CS After Dark

🦀 Serving ML at the speed of Rust

Serving 150+ million users is no joke and also not cheap

At Glance, we run recommender systems that rank content for 150+ million users. Not all users have the same recommendation algorithm. Let's call each recommendation algorithm a Prediction Service (PS).

To keep up with traffic from all these users we can do two things:

  1. Horizontally scale up the prediction services
  2. Score more items per second or request

First is super easy but is also crazy expensive. The second is much harder as no silver bullet exists to solve this. Also, note that our Prediction Services are written in Python, which leaves you with only a handful of tricks to add more speed.

The second is imperative but how do we get there?
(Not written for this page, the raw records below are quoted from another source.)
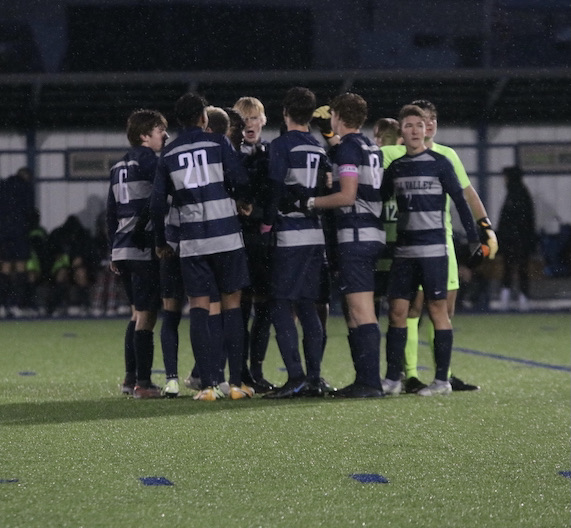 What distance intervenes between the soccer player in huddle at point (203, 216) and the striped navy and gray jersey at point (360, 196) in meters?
0.55

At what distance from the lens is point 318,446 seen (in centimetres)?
520

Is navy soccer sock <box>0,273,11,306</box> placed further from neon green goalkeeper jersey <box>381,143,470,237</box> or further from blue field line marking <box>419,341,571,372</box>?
neon green goalkeeper jersey <box>381,143,470,237</box>

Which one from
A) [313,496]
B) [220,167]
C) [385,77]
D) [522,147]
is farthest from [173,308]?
[522,147]

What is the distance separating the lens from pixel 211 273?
6824 millimetres

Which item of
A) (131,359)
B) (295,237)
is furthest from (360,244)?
(131,359)

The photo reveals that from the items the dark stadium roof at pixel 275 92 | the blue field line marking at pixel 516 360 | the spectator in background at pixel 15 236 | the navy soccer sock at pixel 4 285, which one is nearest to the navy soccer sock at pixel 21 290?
the spectator in background at pixel 15 236

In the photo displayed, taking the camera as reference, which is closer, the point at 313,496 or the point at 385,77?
the point at 313,496

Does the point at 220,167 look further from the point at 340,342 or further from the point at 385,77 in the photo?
the point at 385,77

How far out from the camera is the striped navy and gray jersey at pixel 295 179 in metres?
6.87

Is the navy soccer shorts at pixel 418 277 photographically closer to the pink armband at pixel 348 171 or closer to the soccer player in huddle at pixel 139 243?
the pink armband at pixel 348 171

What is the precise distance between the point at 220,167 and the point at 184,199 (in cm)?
26

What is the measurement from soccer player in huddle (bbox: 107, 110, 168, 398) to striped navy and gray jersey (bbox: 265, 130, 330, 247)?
729 millimetres

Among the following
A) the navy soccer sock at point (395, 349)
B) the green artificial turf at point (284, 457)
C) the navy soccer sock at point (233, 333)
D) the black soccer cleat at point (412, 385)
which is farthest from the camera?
the black soccer cleat at point (412, 385)

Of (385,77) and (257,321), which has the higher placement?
(385,77) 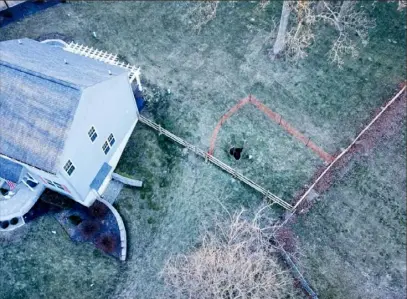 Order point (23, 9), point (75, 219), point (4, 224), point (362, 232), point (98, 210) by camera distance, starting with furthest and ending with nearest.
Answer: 1. point (23, 9)
2. point (98, 210)
3. point (75, 219)
4. point (4, 224)
5. point (362, 232)

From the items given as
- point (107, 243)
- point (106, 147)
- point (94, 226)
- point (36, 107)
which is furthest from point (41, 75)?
point (107, 243)

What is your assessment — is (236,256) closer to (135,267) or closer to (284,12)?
(135,267)

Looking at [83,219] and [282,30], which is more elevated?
[282,30]

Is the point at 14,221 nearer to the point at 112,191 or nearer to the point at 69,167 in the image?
the point at 112,191

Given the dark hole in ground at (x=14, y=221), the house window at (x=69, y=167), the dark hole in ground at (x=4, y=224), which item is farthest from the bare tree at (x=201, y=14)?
the dark hole in ground at (x=4, y=224)

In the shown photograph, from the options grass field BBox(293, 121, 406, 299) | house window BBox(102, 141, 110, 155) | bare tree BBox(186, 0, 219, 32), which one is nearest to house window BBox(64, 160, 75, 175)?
house window BBox(102, 141, 110, 155)

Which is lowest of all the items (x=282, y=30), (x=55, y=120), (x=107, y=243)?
(x=107, y=243)

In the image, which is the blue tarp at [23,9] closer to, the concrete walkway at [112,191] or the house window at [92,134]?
the house window at [92,134] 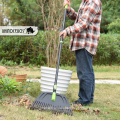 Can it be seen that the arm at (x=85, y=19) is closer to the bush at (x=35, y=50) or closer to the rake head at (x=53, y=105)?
the rake head at (x=53, y=105)

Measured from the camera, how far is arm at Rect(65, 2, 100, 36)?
264 centimetres

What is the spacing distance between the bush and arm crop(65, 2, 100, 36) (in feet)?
14.8

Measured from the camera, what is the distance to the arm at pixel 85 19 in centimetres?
264

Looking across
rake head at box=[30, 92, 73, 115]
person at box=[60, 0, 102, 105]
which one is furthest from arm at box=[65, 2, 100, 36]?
rake head at box=[30, 92, 73, 115]

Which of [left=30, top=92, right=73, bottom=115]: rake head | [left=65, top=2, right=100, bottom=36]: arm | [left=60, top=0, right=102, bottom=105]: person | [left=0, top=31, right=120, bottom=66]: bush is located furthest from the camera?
[left=0, top=31, right=120, bottom=66]: bush

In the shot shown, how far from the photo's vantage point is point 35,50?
7.31 m

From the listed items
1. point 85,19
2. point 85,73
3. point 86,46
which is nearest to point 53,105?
point 85,73

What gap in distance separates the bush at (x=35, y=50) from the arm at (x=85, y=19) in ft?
14.8

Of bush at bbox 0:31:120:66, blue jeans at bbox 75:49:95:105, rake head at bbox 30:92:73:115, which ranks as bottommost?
bush at bbox 0:31:120:66

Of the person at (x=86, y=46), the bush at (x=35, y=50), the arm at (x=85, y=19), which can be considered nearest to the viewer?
the arm at (x=85, y=19)

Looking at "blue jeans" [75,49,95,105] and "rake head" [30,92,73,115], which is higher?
"blue jeans" [75,49,95,105]

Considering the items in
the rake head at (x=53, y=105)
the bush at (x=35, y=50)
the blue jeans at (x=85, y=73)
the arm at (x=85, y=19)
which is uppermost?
the arm at (x=85, y=19)

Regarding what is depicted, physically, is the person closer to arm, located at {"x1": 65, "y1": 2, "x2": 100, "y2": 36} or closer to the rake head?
arm, located at {"x1": 65, "y1": 2, "x2": 100, "y2": 36}

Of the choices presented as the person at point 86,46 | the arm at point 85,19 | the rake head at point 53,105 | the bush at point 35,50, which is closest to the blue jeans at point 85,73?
the person at point 86,46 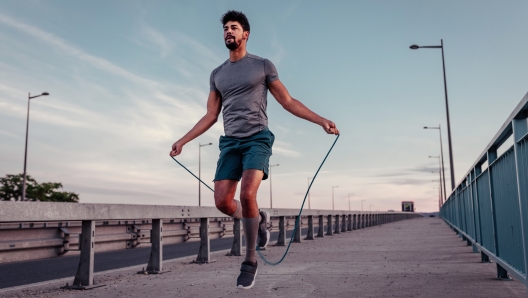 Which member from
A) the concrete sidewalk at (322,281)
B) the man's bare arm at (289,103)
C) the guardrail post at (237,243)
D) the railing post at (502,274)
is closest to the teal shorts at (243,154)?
the man's bare arm at (289,103)

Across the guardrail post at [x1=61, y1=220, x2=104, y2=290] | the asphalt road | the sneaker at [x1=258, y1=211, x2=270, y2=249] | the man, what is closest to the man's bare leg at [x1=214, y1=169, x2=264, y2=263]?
the man

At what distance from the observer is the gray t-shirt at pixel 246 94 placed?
4.83 meters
Our PS consists of two classes of operations:

  1. Network calls to feature-store (irreducible)
  2. CPU cycles spent on parsing + ranking compute + post-processing

To solve for 2, I decided to implement one of the largest PS (an LR model which does ~1.5 million predictions/second with 20% traffic) in a compiled language. After a bit of research, I decided to write it in Rust. Why? because:

  1. Actix showed up as one of the top web frameworks in this benchmark
  2. Rust is memory safe, fast and package management is 100x better than C/C++

(Why not Go? Check footnotes[1])

What was it like to port the Python prediction framework to Rust?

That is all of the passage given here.